The fastest milk round in town

Early morning paper round

In the early 1960s I used to have an early morning paper round from the Bon-Bon shop at The Grenadier pub. Every morning the local milk-man and I used to greet each other around about the same place, close to Lark Hill and Northease Drive). One day he asked what I earned for getting up six days a week to deliver the morning papers. “Ten shillings”, I replied (50p). “How about working for me on Saturday and Sunday mornings only, and I’ll give you 12 shillings and six pence?” (62.5p) he said. No discussion was needed.

A big pay increase

So I got a 25% increase, and instead of getting up early six days a week, I’d only need to get up two days a week? I was 13 years old and if health and safety knew what was going on they’d have had a field day. I used to ride the running board of the milk float with a bottle of milk in each pocket of my donkey jacket and, usually, two more pints in each hand, while jumping from the moving float to deliver to door. In all the time I worked for the milkman I never had an accident.

A lethal brew on offer

On Saturdays we also used to collect the weekly money due. I remember collecting from the building site hut in Buckley Close one Saturday morning when the foreman asked; “Want a cup of tea son?” He handed me a pretty dirty looking mug and pointed to a galvanised bucket hanging on a tripod over a fire in the middle of the hut. The tea in the bucket already had everything added. Tea, water, sugar and milk were left brewing all day long. Just dip in the mug and enjoy. I managed to make my excuses and leave. Great memories.

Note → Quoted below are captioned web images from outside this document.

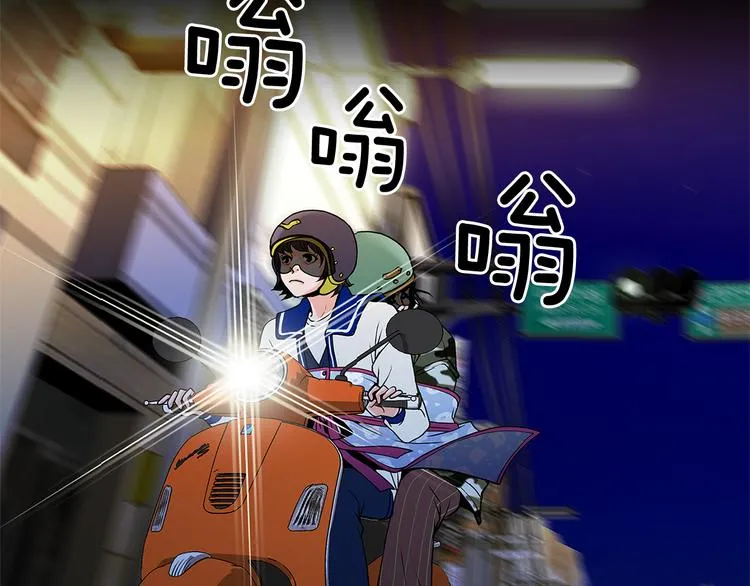 第5话 处境 第4页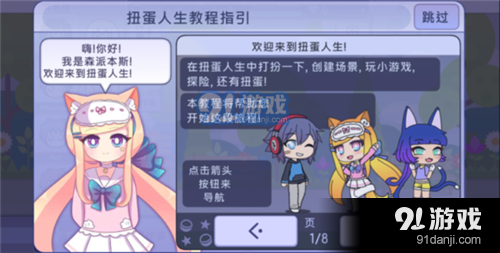 扭蛋人生2加查俱乐部v2.1.9截图1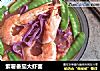 紫薯番茄大虾面的做法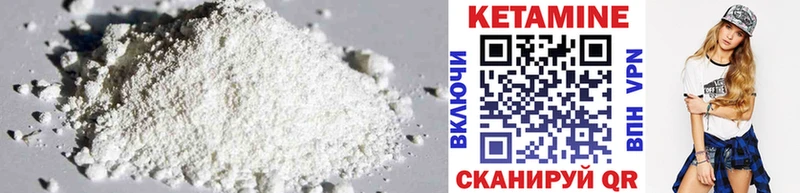 КЕТАМИН ketamine Кемь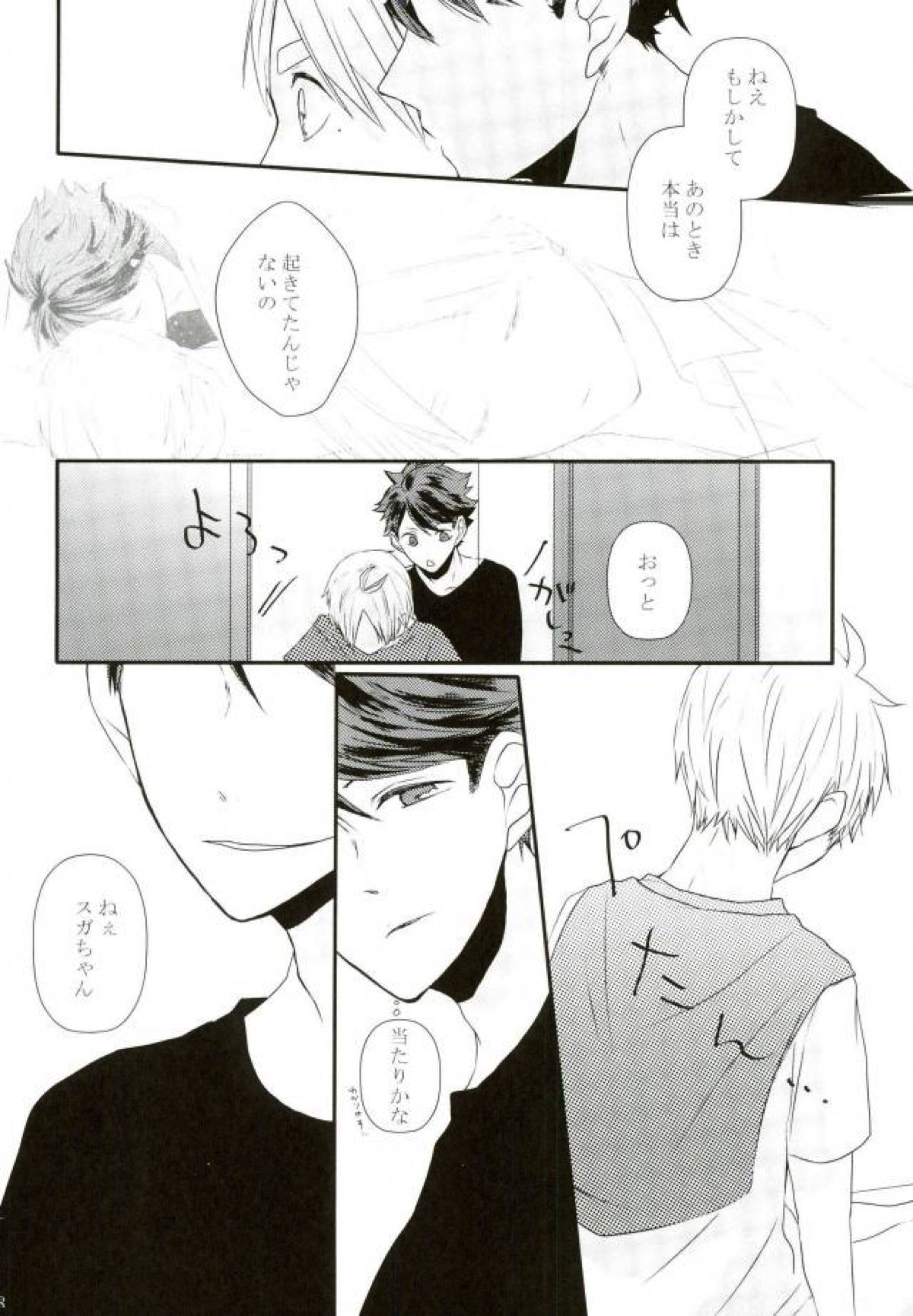 続！未来は愛に満ちあふれている！【ハイキュー!!/及菅】 page 26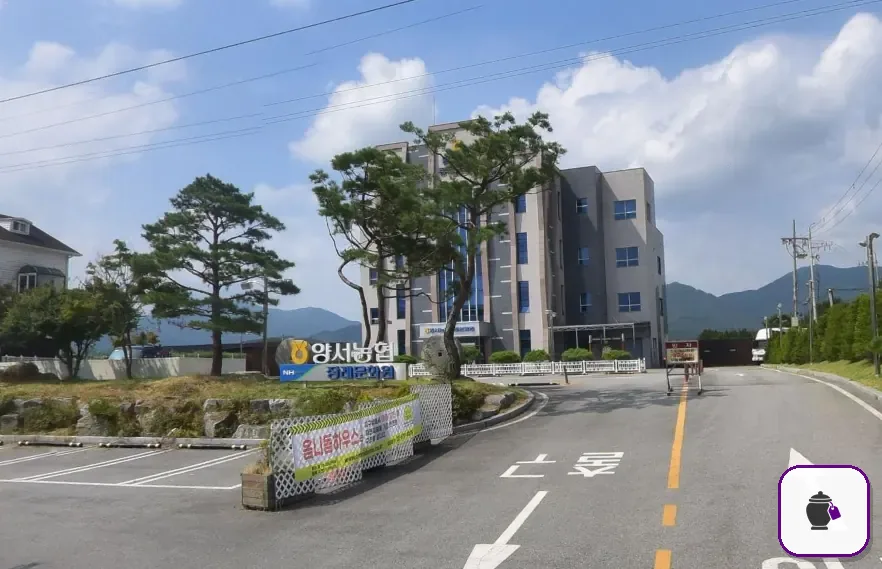 양서농협장례문화원 보조 사진 2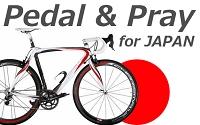 pandpjapan.jpg
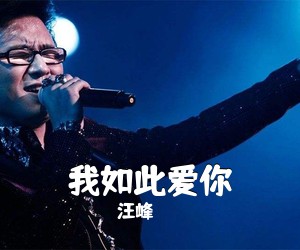 汪峰《我如此爱你吉他谱》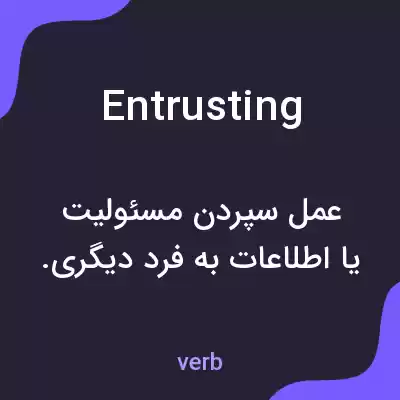 معنی entrusting به فارسی معنی entrusting به فارسی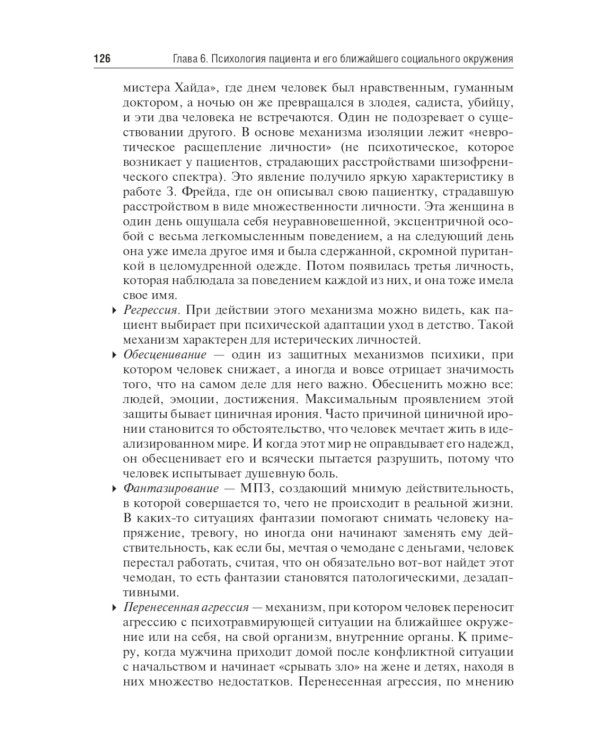 Дополнительное изображение книги «Психологические аспекты медицинской реабилитации»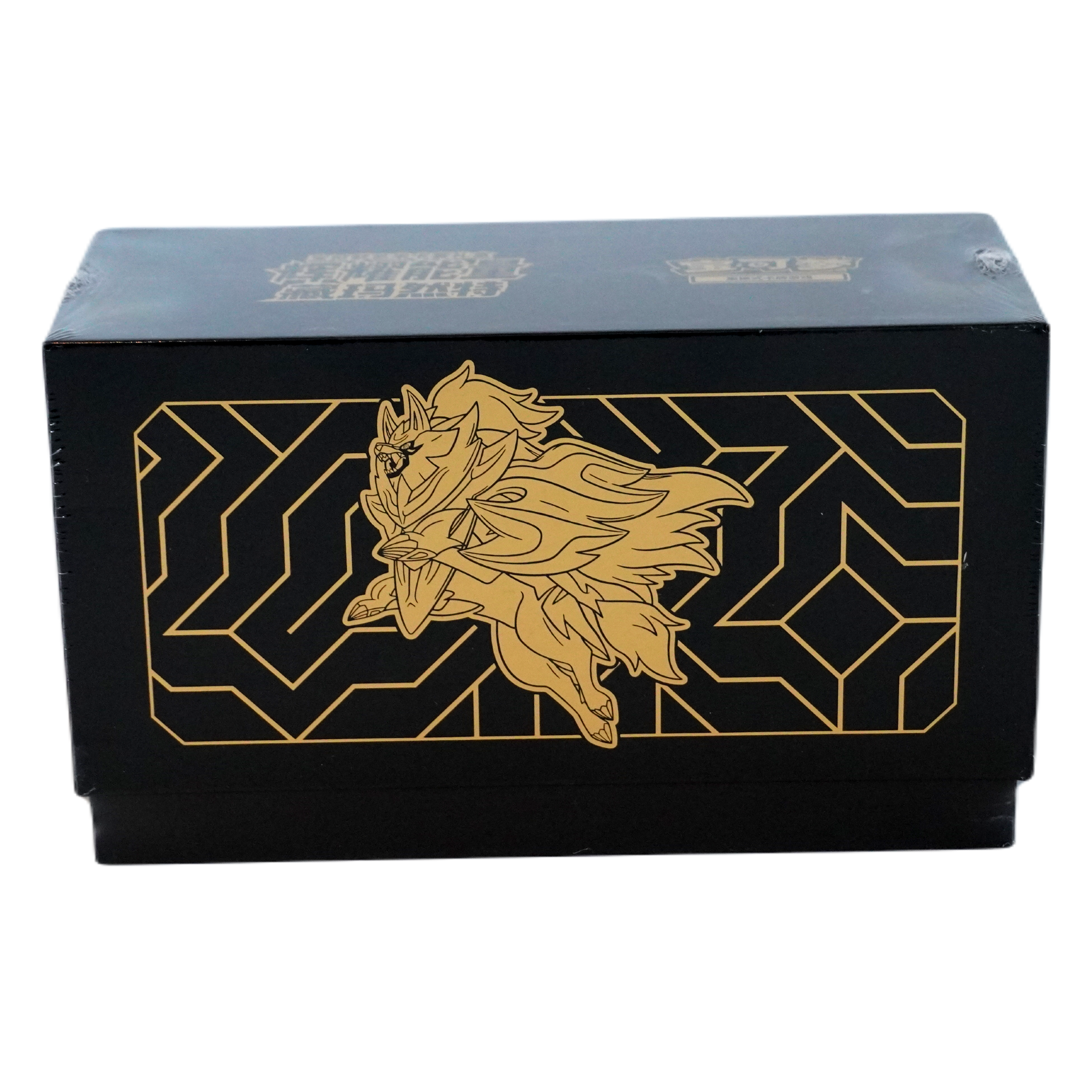 Pokemon Chinese Radiant Energy Zamazenta Box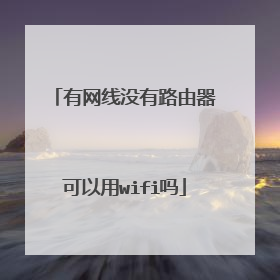 有网线没有路由器可以用wifi吗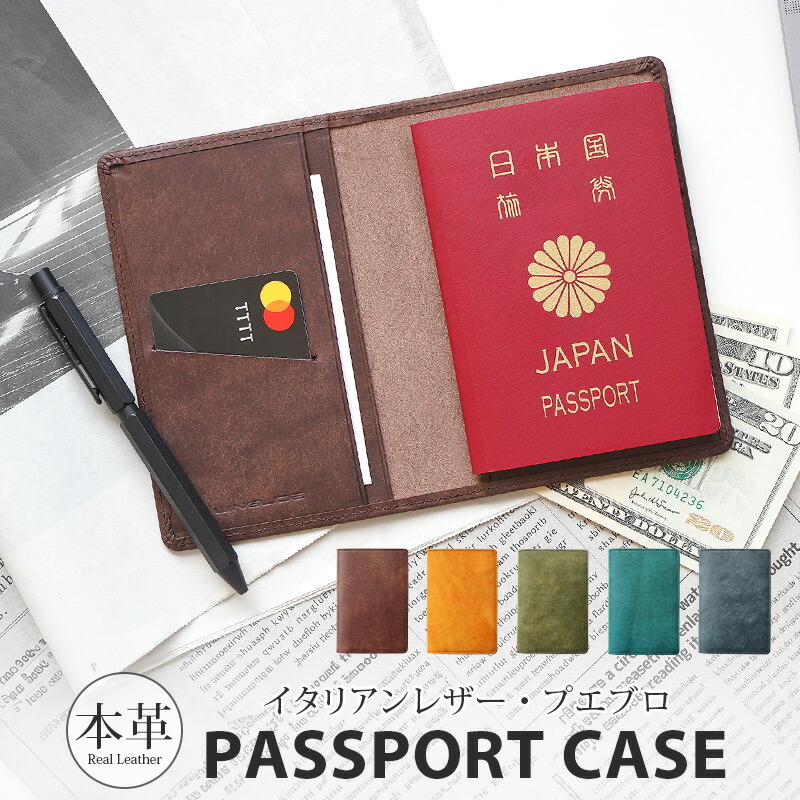 ブライトリング パスポートレザーケース レザーパスポートケース（ブライドルレザー／ヘーゼル） | iichi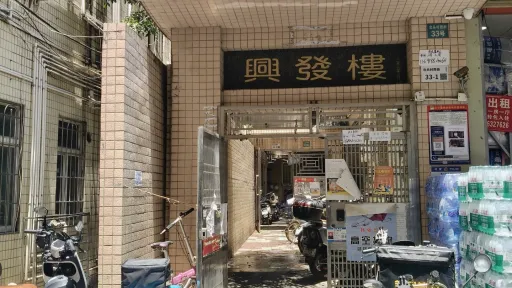  北头村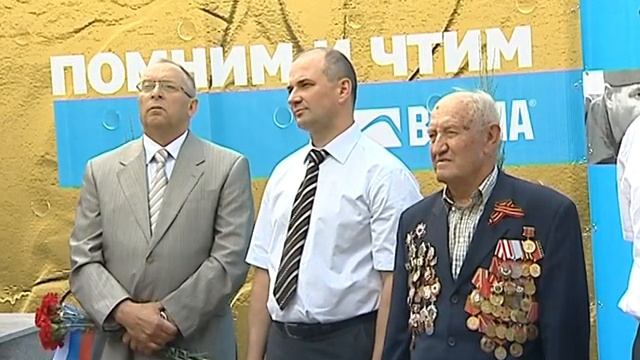 ВОЛМА. Социально-ориентированная компания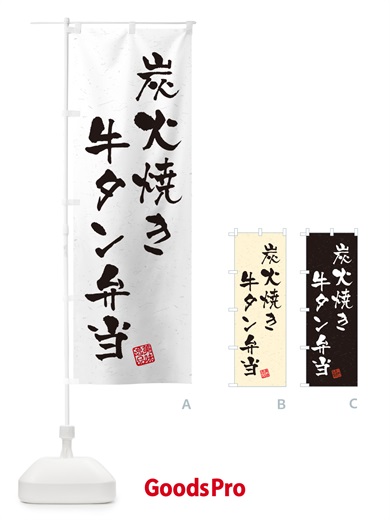のぼり 炭火焼き牛タン弁当・習字・書道風 のぼり旗 5E90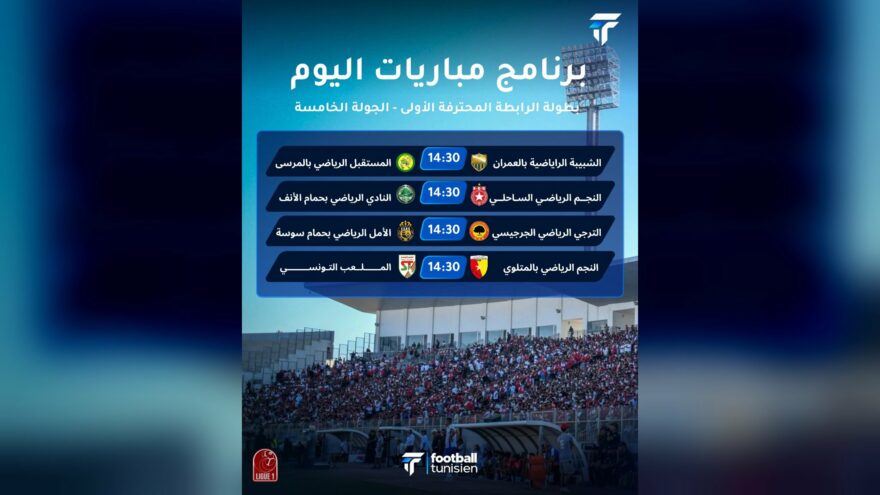 مباريات الجولة الخامسة من البطولة التونسية
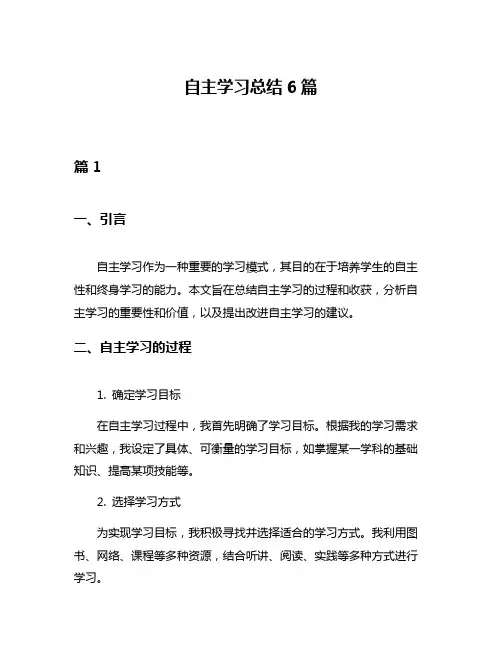 自主学习总结6篇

Maybe I delivered your milk? Do you remember your milkman? If you would like to share your memories, post a comment below.

Comments about this page

  • The milkman’s name was Jim something, by the way.

    By Alan Phillips (25/10/2012)
  • How amazing Alan that after meeting you yesterday 05/04/16, I was looking at this site and saw your post.  I also did a paper round from Bullens and a milk round with a fellow called Ron.

    By Mel Davis (06/04/2016)
  • My Grandad owned the Bon Bon shop and I lived above it with my Mum. I was often called upon to deliver newspapers when the newsboys did not turn up.

    By Jackie Wells (10/05/2016)
  • To Jackie Wells: I had an evening paper round at the Bon Bon shop 1953/54 delivering about 40 Argus papers mainly to Medway and Fallowfield Crescent area. An old gentleman numbered the papers and was supported in the shop by a younger man. Which one was your Grandad? I can’t recall his name.